→ Action item
Begin the copy at the line containing "Exclusivo Mezcla Ultrasonic" in the data below and end it at the line containing "Ниссан Глория 2019", keeping each line exact and leaving out pictures.

→ Data to examine
· · · · ·
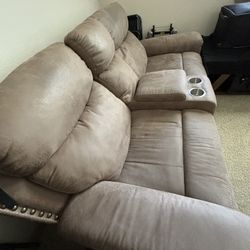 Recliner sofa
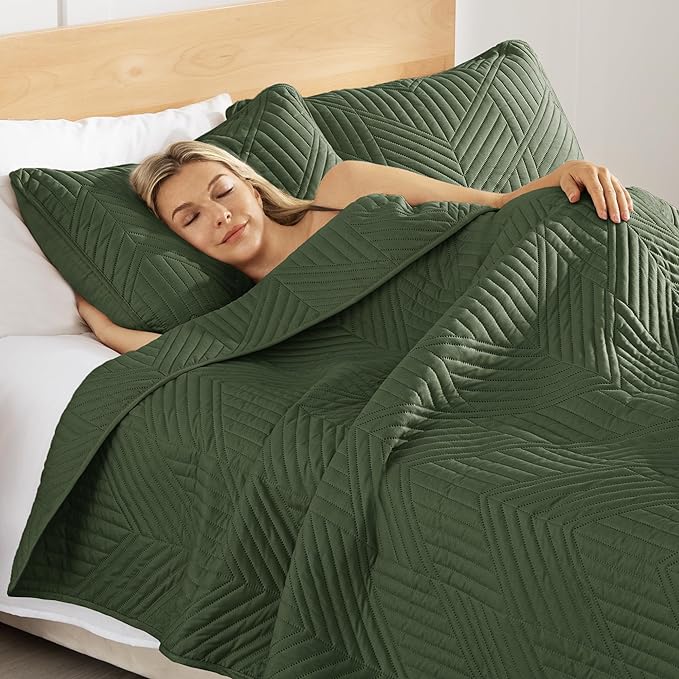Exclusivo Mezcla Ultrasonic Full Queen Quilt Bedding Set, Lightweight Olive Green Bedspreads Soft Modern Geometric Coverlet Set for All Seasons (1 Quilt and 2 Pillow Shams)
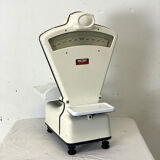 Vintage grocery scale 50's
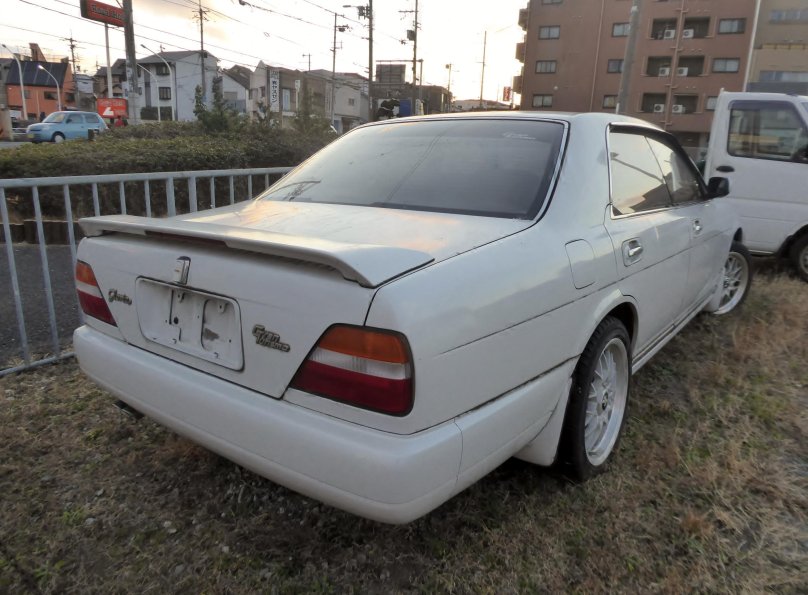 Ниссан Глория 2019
· · · · ·
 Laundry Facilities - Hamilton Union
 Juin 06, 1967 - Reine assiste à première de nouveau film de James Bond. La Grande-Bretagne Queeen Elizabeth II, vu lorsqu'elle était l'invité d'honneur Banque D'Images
· · · · ·
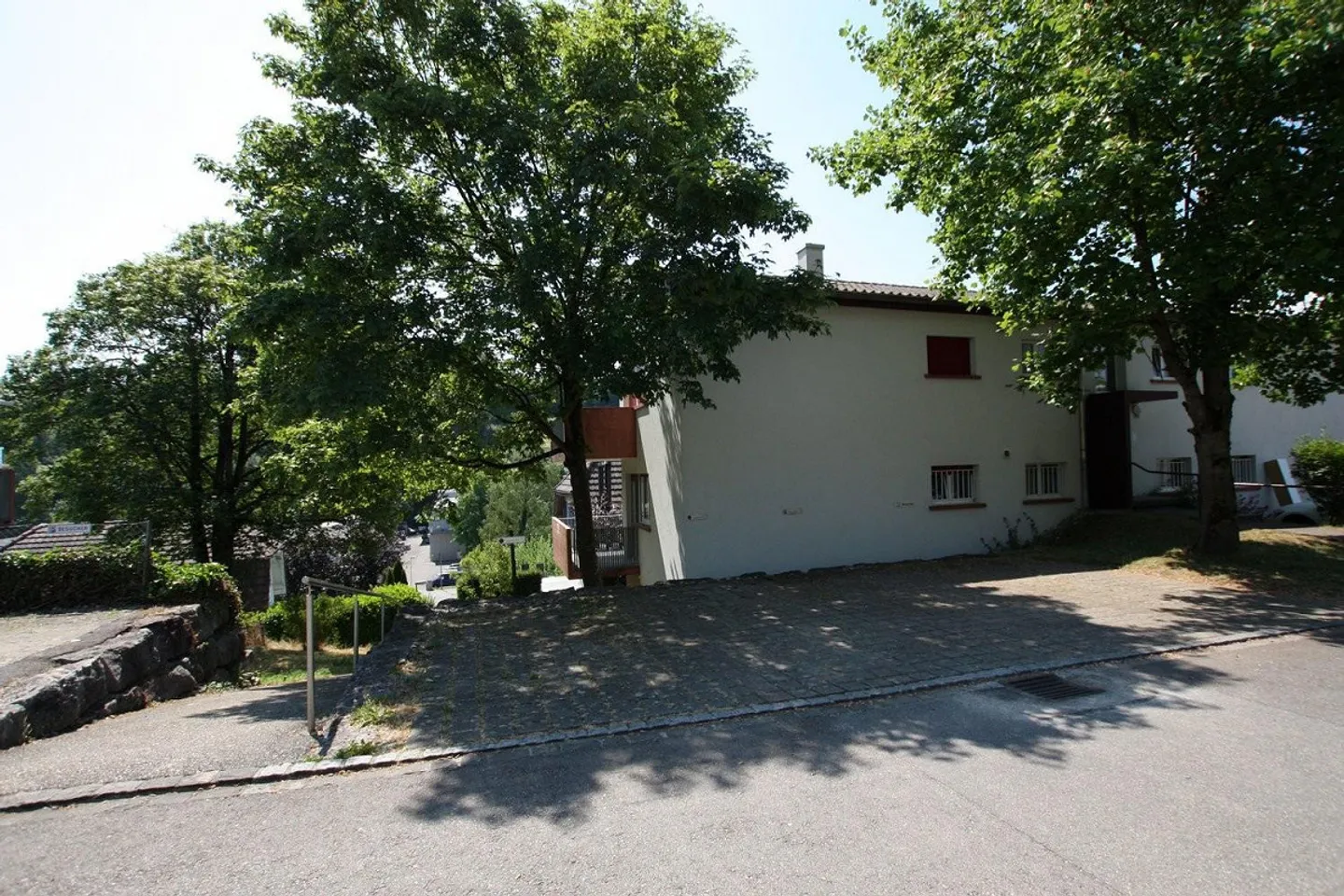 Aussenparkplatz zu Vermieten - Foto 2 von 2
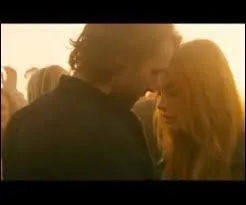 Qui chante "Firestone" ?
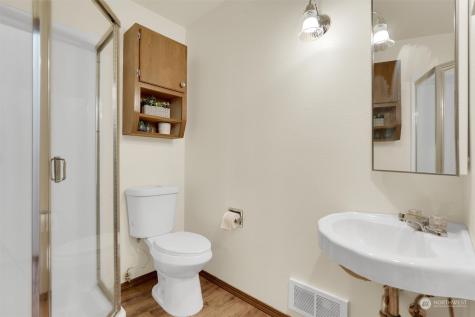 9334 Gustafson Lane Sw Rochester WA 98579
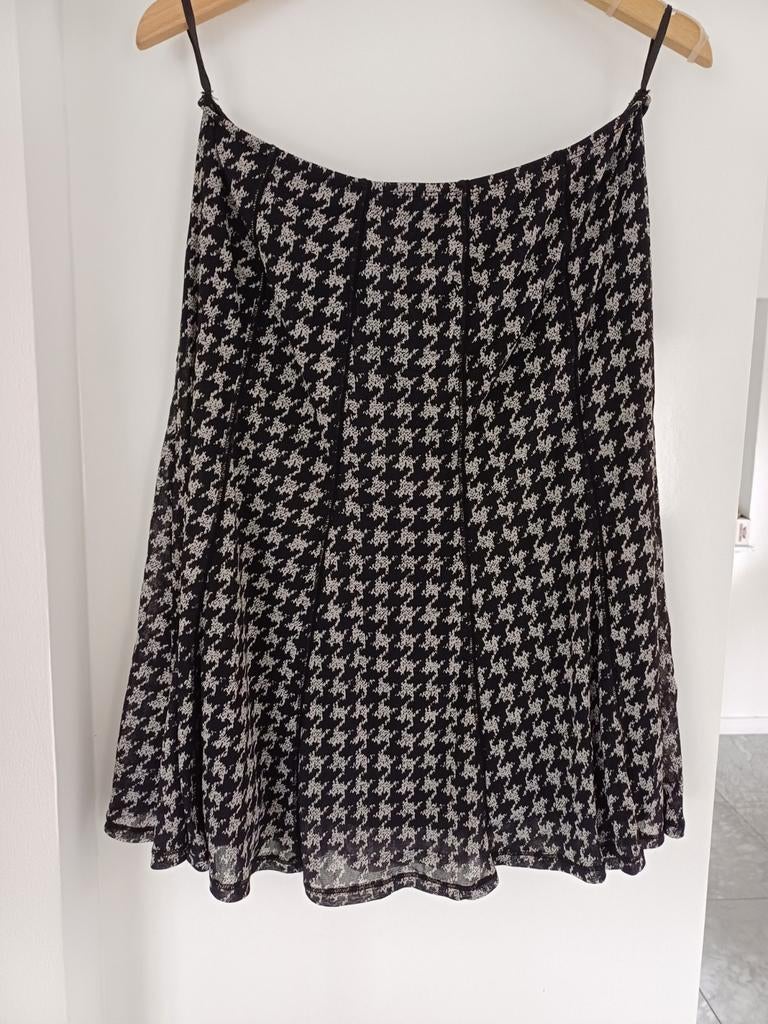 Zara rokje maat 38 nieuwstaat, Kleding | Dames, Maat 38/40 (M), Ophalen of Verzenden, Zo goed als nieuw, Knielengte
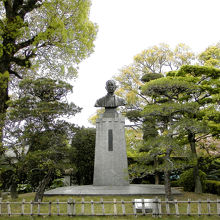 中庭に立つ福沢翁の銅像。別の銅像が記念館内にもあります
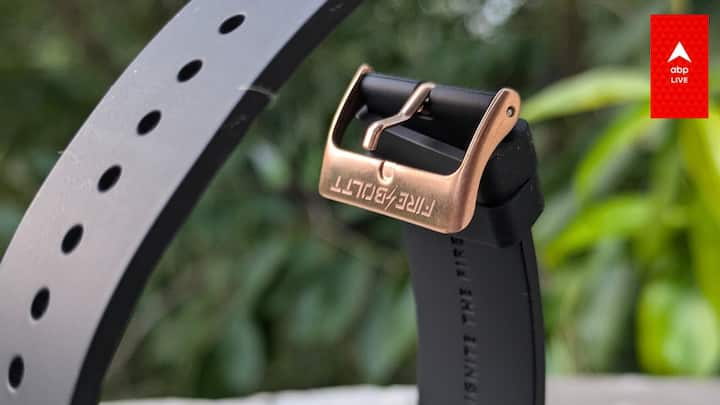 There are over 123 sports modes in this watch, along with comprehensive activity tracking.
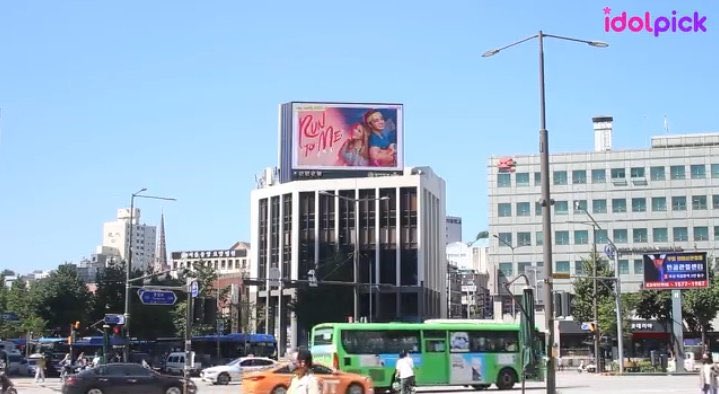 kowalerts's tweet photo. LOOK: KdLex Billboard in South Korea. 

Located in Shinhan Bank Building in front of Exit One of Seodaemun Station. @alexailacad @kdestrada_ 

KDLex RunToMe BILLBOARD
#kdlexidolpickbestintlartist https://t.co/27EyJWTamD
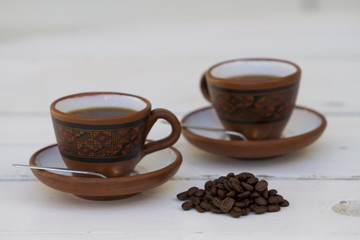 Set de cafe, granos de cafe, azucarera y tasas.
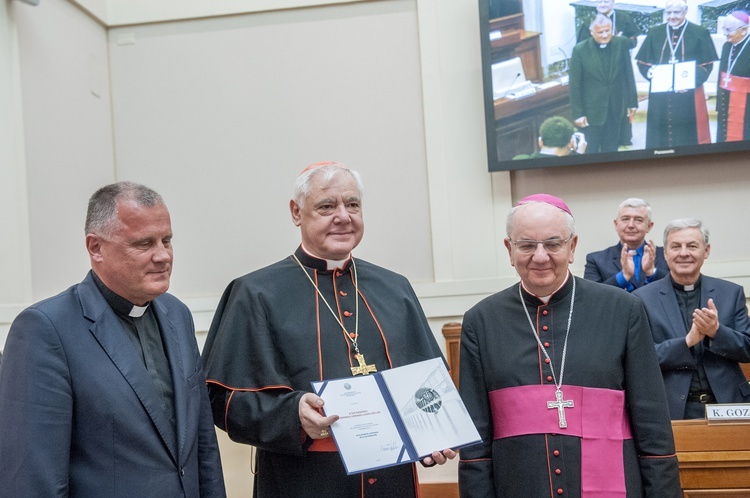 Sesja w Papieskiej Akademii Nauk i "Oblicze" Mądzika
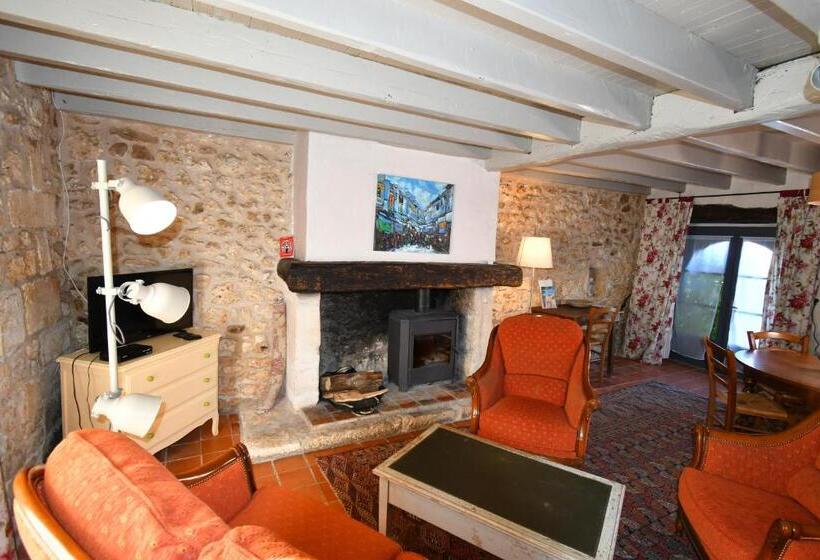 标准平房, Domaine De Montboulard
· · · · ·
→ Task solution
Exclusivo Mezcla Ultrasonic Full Queen Quilt Bedding Set, Lightweight Olive Green Bedspreads Soft Modern Geometric Coverlet Set for All Seasons (1 Quilt and 2 Pillow Shams)
 Vintage grocery scale 50's
 Ниссан Глория 2019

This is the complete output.